===== Data segment =====
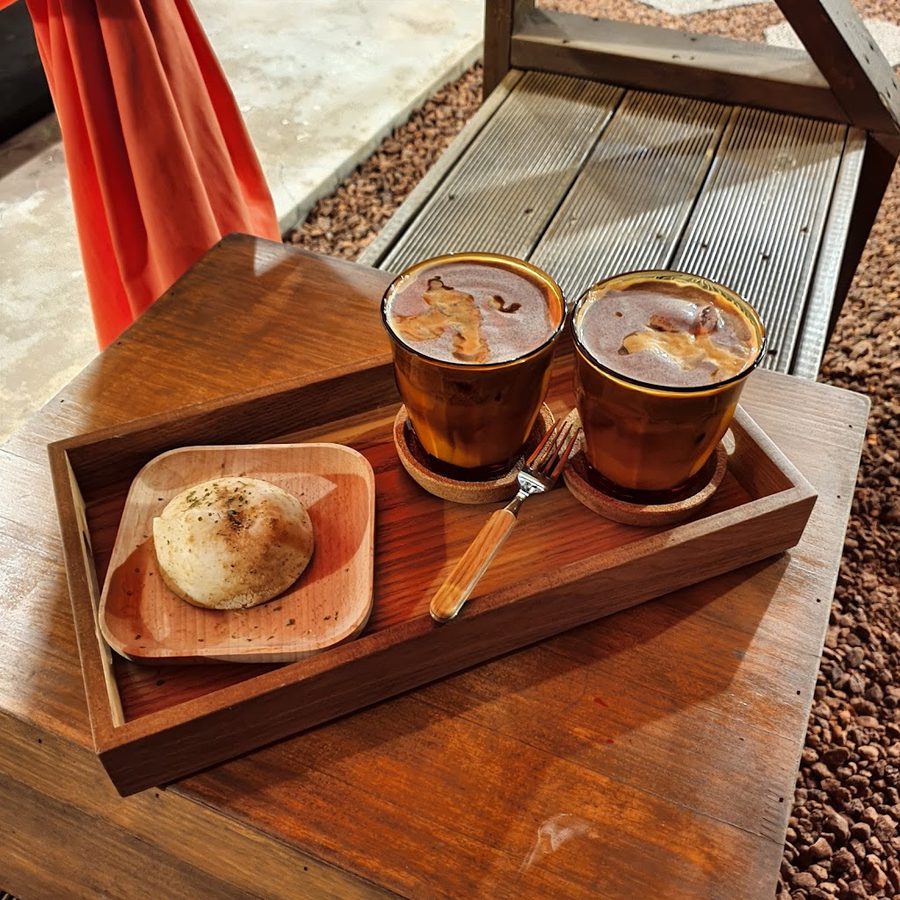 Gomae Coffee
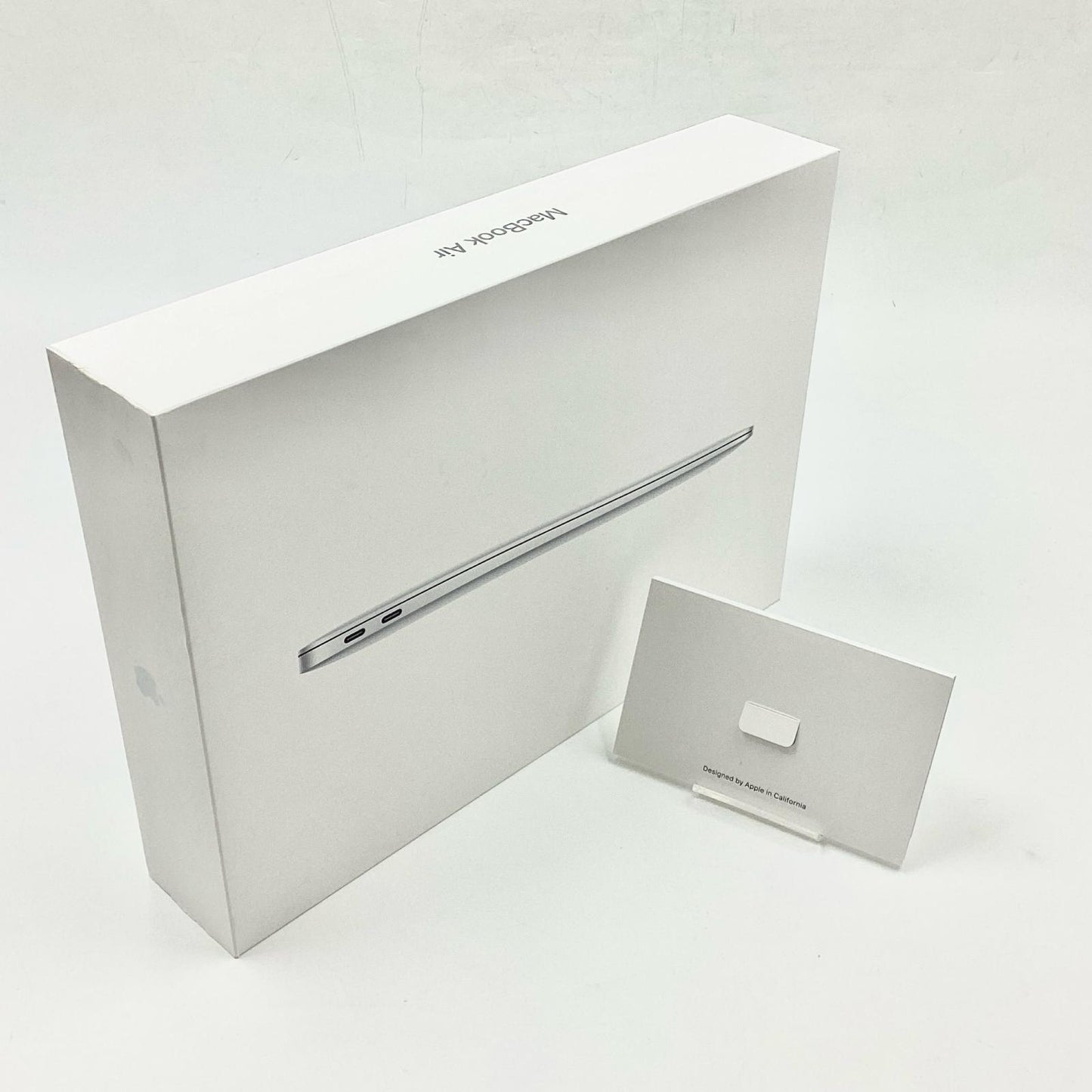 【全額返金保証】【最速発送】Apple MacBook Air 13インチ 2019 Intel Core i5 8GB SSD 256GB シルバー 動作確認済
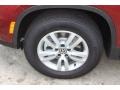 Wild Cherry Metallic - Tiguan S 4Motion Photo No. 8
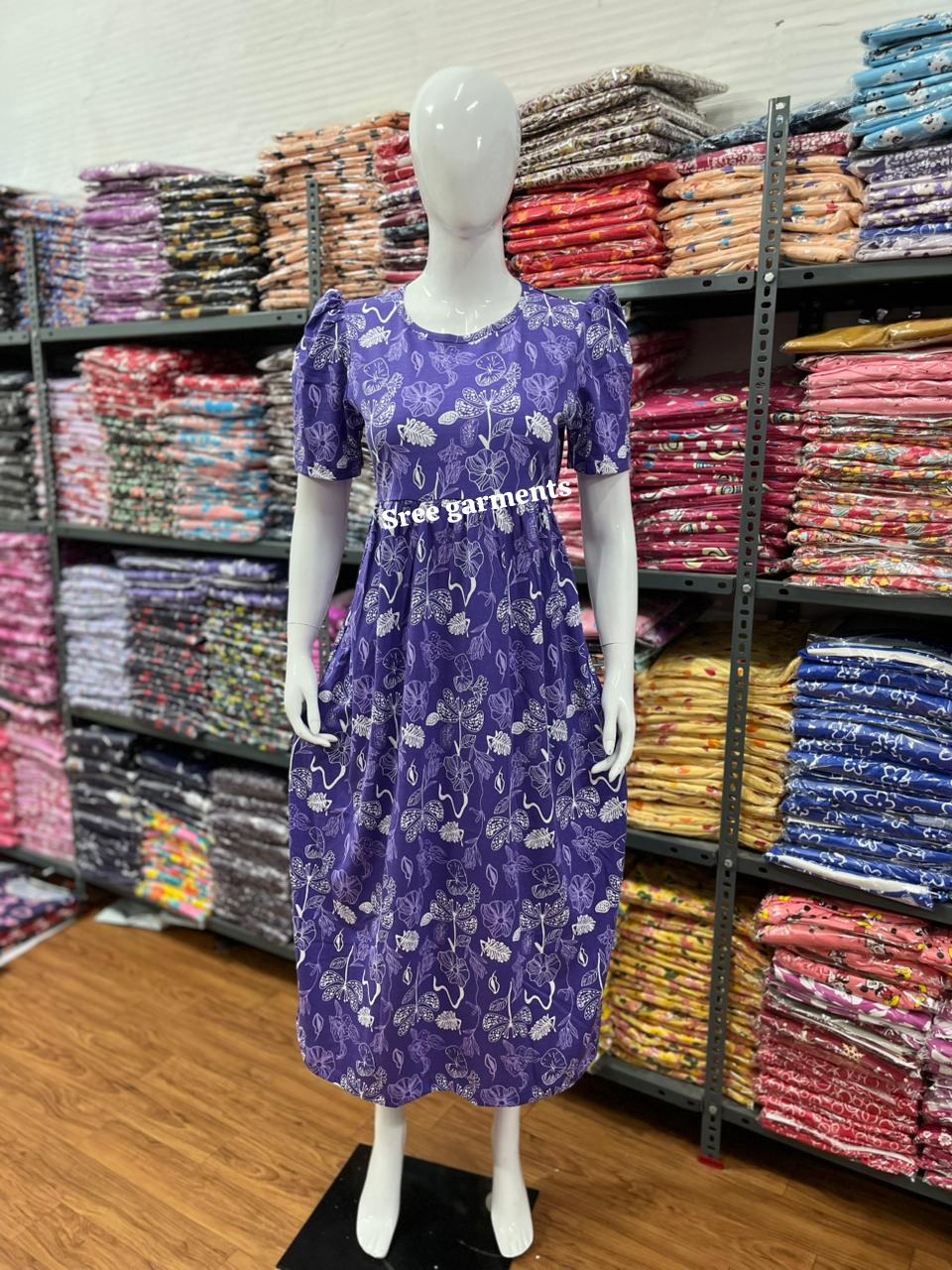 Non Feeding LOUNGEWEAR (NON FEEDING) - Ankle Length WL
=====
[Aim of the task]: Transcribe the full listing above exactly as it stands, minus the pictures.

[Response to the task]:
 Gomae Coffee
 【全額返金保証】【最速発送】Apple MacBook Air 13インチ 2019 Intel Core i5 8GB SSD 256GB シルバー 動作確認済
 Wild Cherry Metallic - Tiguan S 4Motion Photo No. 8
 Non Feeding LOUNGEWEAR (NON FEEDING) - Ankle Length WL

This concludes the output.